Also in Brewer, the taxpayer challenged the manner in which the IRS assessed taxes against him. The Court found that the United *593 States is permitted under 26 U.S.C. § 6020(b) to prepare and file substitute returns for an individual who has failed to do so. Brewer, 764 F.Supp. at 316.

In In re Rosemiller, 188 B.R. 129 (Bankr. D.N.J.1995), a Chapter 13 debtor had objected to a claim filed by the IRS and asserted nine separate violations of form and procedure by the IRS. The Court overruled the debtor's objection to the claim and found, in response to the debtor's assertion that the substitute returns had not been signed by an authorized representative of the IRS, that the Secretary of the IRS generally may delegate his responsibilities to sign IRS documents. In re Rosemiller, 188 B.R. at 136.

The Debtor argues that he does not owe the tax because he never received a Notice of Deficiency or a Notice and Demand for payment as required by 26 U.S.C. §§ 6155 or 6353. However, the requirements for the filing of returns and the payment of the tax by individuals are clearly contained in other sections of the Internal Revenue Code, identified in the Court's order dated May 4, 1995. Whether or not the IRS issued a Notice and Demand for payment does not affect a taxpayer's liability for a tax obligation.
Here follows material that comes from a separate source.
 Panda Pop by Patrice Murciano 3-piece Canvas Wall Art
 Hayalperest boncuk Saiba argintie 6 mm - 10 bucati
Although such a failure may affect the enforceability of an administrative lien, and is essential in administrative collection actions, the taxpayer remains liable for the amount assessed. United States v. Chila, 871 F.2d 1015 (11th Cir.1989); Crowd Management Services, Inc. v. United States, 792 F. Supp. 87 (D.Or.1992); Blackston v. United States, 778 F. Supp. 244 (D.Md.1991).

Similarly, whether the Notices of Federal Tax Liens which were filed were certified, signed, or otherwise procedurally or substantively defective has nothing to do with the Debtor's liability for the taxes. The Debtor's liability for the taxes is independent of any liens which may have arisen or been perfected. Further, the Debtor has commenced an adversary proceeding to determine the validity and extent of these liens, and such determination should be reached in the adversary proceeding, as contemplated by Rule 7001 of the Federal Rules of Bankruptcy Procedure.

The Debtor asserts that the claim is not valid because the claim does not identify the specific statutory provisions and regulations upon which the taxes are based. However, the claim states the nature of each liability, the year for which each liability is due, and the amount of each liability. As discussed below, the Amended Claim complies with the requirements of the Bankruptcy Rules, and is prima facie evidence of its validity. It is not necessary that the form of claim show the specific statutory provisions and regulations upon which the taxes are based.

Conclusion

Rule 3001(a) of the Federal Rules of Bankruptcy Procedure provides that "A proof of claim is a written statement setting forth a creditor's claim. A proof of claim shall conform substantially to the appropriate Official Form." Rule 3001(f) of the Federal Rules of Bankruptcy Procedure provides that "A proof of claim executed and filed in accordance with these rules shall constitute prima facie evidence of the validity and amount of the claim."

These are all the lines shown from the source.